This is a continuation of the discussion in: https://github.com/llvm/llvm-project/pull/72105. One outcome of the discussion is noticing that the semantics of a number of vector ops converge when manipulating unit dimensions ( vector.shape_cast , vector.broadcast , vector.extract/insert , vector.extract_element / insert_element and vector.transpose) and cleaning them up relies on “getting lucky” with a slew of canonicalizations/patterns. This leads to difficulties in picking canonical forms and special casing in vector related patterns.
Idea #1
One approach could be to introduce vector.expand_shape/vector.collapse_shape with similar semantics to tensor.expand/collapse_shape. The observation here is that outside of vector.extract_element/insert_element, all of the above ops devolve to reshapes when the only affected dimensions are unit dimensions. This could unify a few of the representations above without having to sacrifice all “loop structure” like shape cast does.

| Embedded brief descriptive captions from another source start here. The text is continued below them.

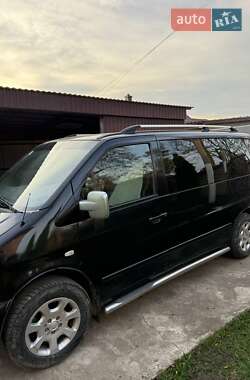 Минивэн Mercedes-Benz Vito 2002 в Черновцах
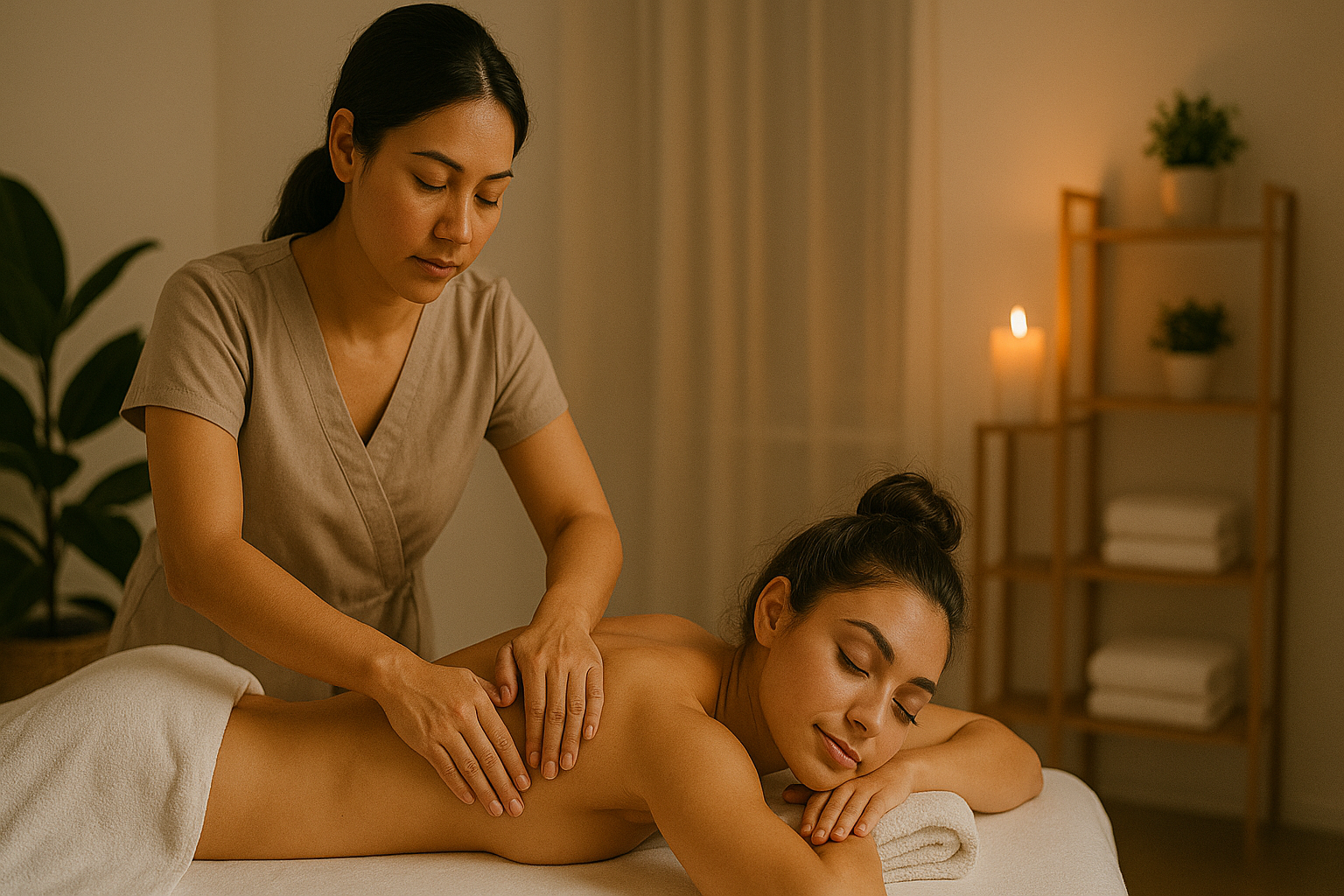 Pijat Panggilan Bekasi Selatan 24 Jam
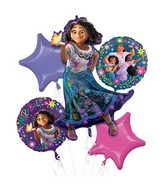 Encanto Disney Bouquet Foil Balloon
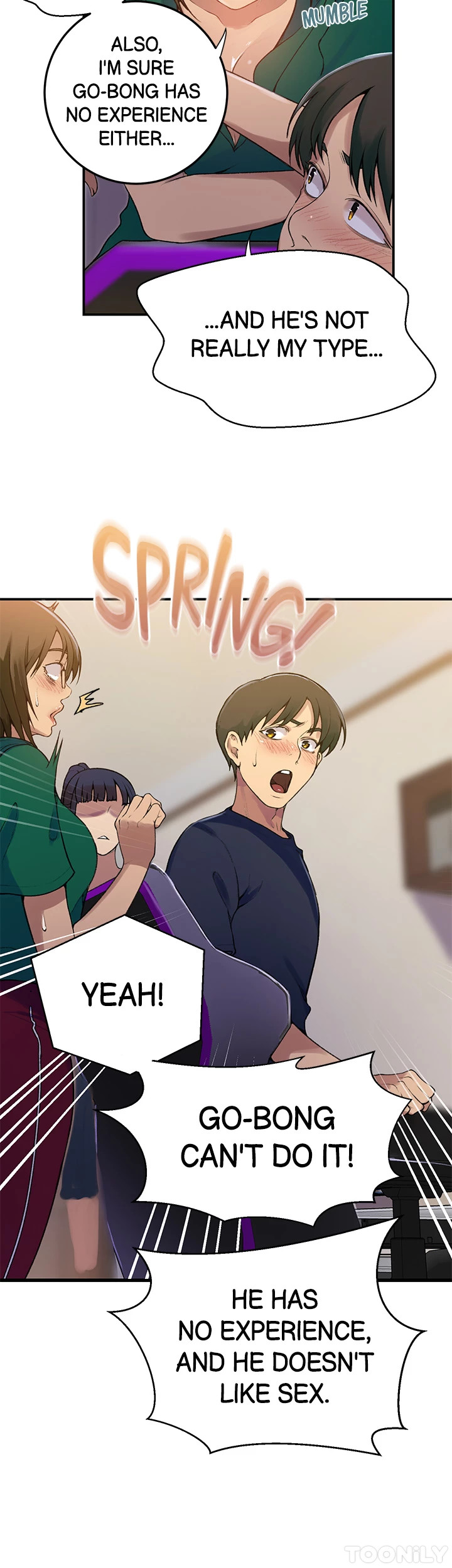 Secret Class - Chapter 177 [photo 30] - MangaPorn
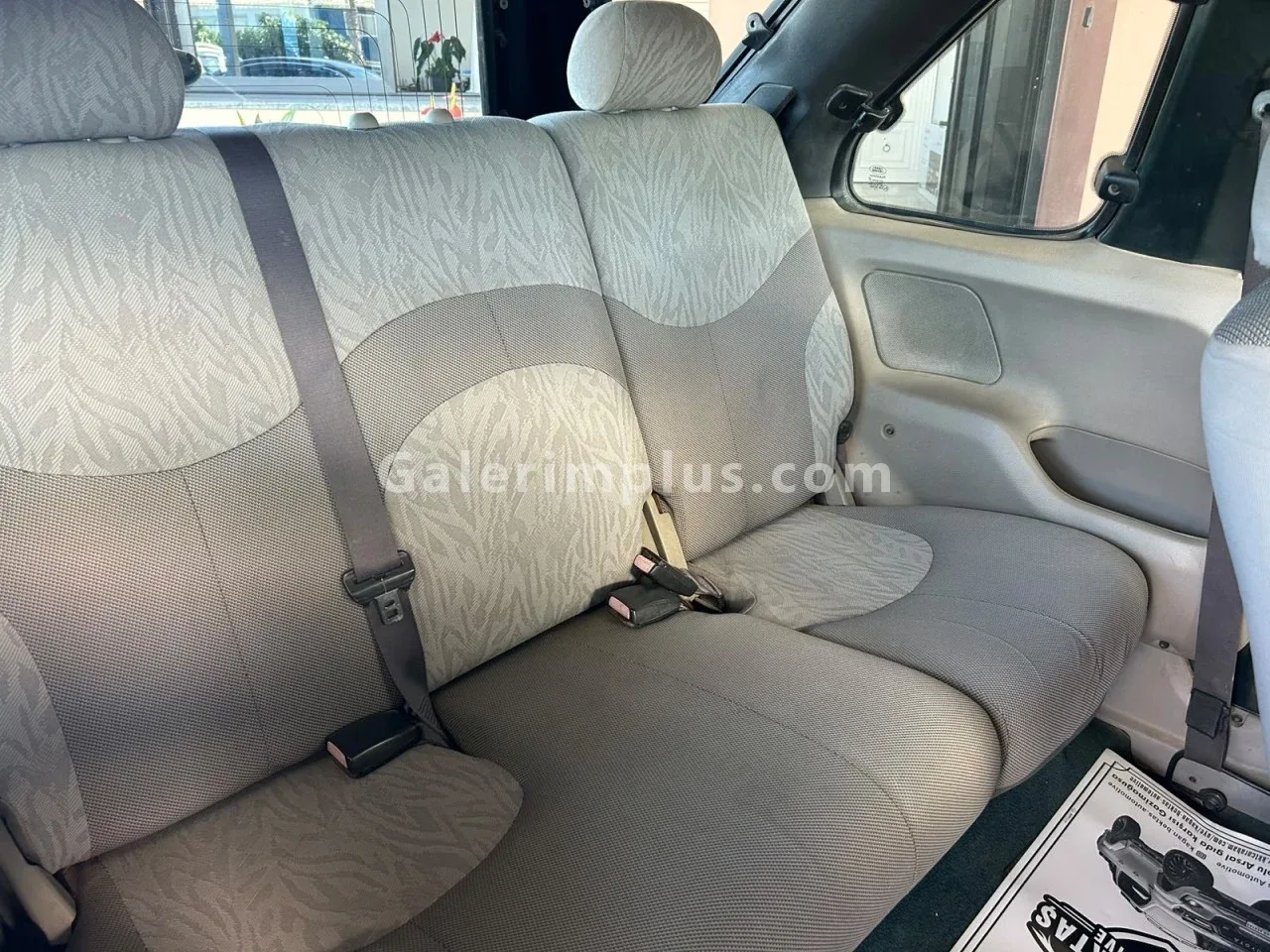 2001 Model Düz Land Rover Freelander 1.8 Gazimağusa Satılık İkinci El | GalerimPlus - Thumbnail 7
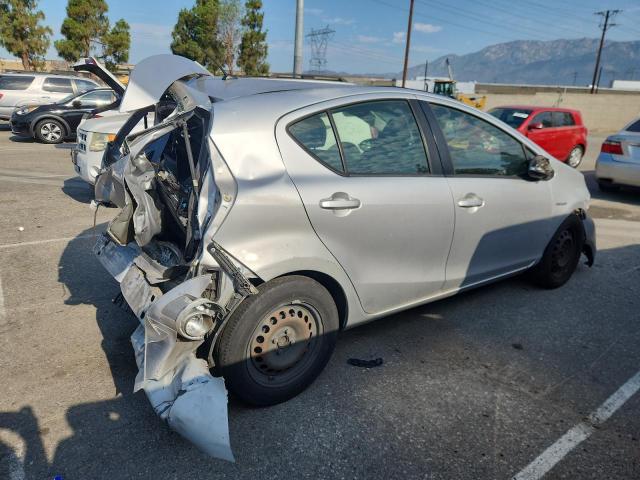  TOYOTA PRIUS 2014 Gray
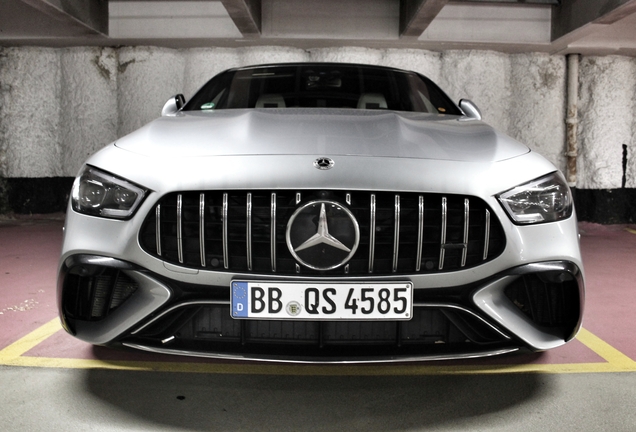 Mercedes-AMG GT 63 S X290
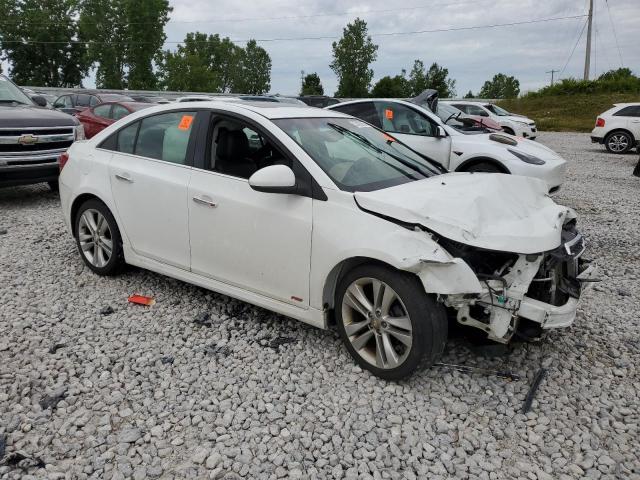 Photo 3 VIN: 1G1PH5S94B7204576 - CHEVROLET CRUZE 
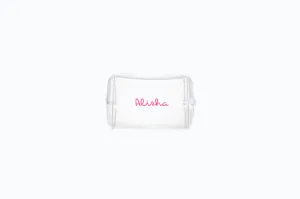 Official Love Island Washbag - Personalised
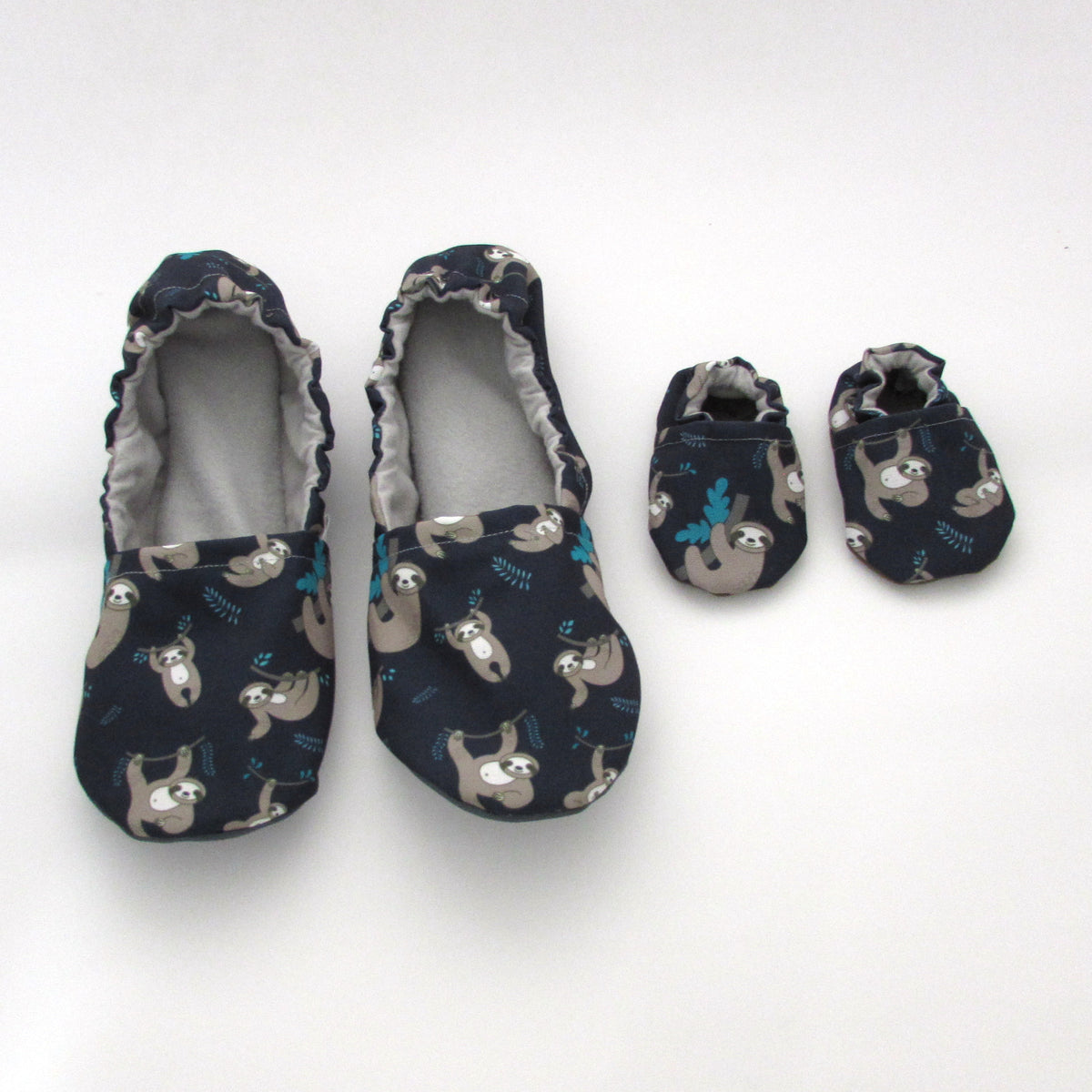 Sloth Washable Women's Slippers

vector.broadcast ... : vector<4xf32> to vector<1x4xf32>
// ==
vector.expand_shape [[0, 1]] ... : vector<4xf32> to vector<1x4xf32>
vector.extract %0[0, 0] : vector<4xf32> from vector<1x1x4xf32>
// ==
vector.collapse_shape [[0, 1, 2]] ... : vector<1x1x4xf32> to vector<4xf32>
vector.transpose [0, 1] ... : vector<1x4xf32> to vector<4x1xf32>
// ==
%1 = vector.collapse_shape [[0, 1]] ... : vector<1x4xf32> to vector<4xf32>
vector.expand_shape [[0, 1]] ... : vector<4xf32> to vector<4x1xf32>
Concerns with this representation could be the use of two ops to represent the single transpose; it doesn’t really look more canonical than before to me, bringing me to the second idea.
Idea #2
Add collapse and expand indices to vector.shape_cast. The observation here is that any non-scalable vector reshape can be represented with a full shape collapse + shape expand.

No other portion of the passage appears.